**Work item**
Leave the pictures out and return every line below exactly.
Recorded data Start Marker
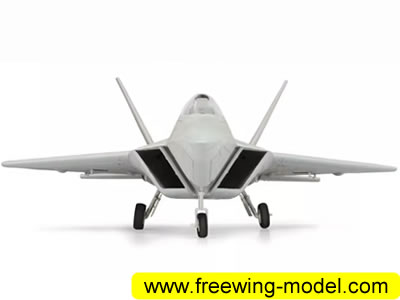 Freewing F-22 V2 Raptor 64mm EDF Jet PNP RC JET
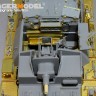 Voyager Model PE35885 WWII German StuG.III Ausf.A-D Interior (For dragon) 1/35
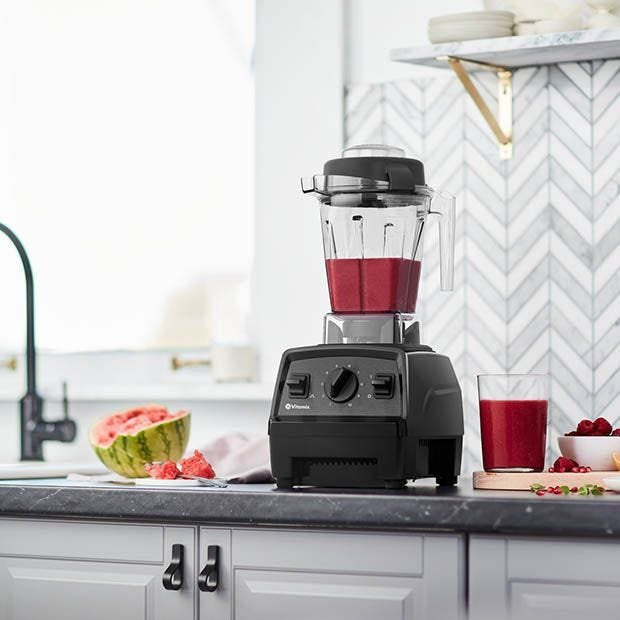 Batidora De Pie Vitamix Explorian E 310 Negra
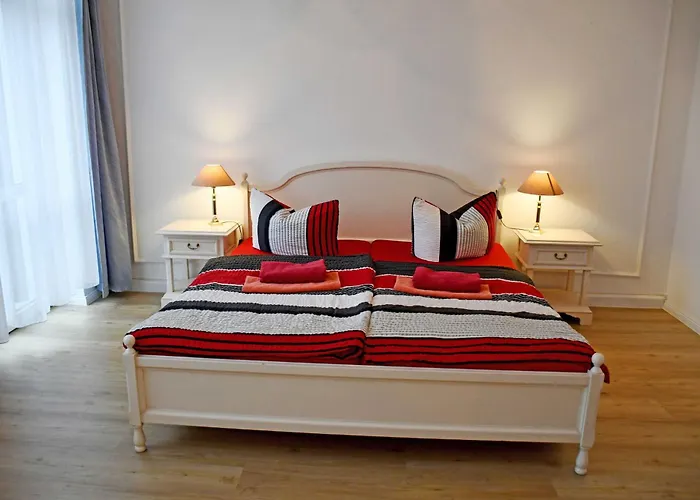 Im Ostseebad فندق *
Recorded data End Marker
**The completed task**
 Freewing F-22 V2 Raptor 64mm EDF Jet PNP RC JET
 Voyager Model PE35885 WWII German StuG.III Ausf.A-D Interior (For dragon) 1/35
 Batidora De Pie Vitamix Explorian E 310 Negra
 Im Ostseebad فندق *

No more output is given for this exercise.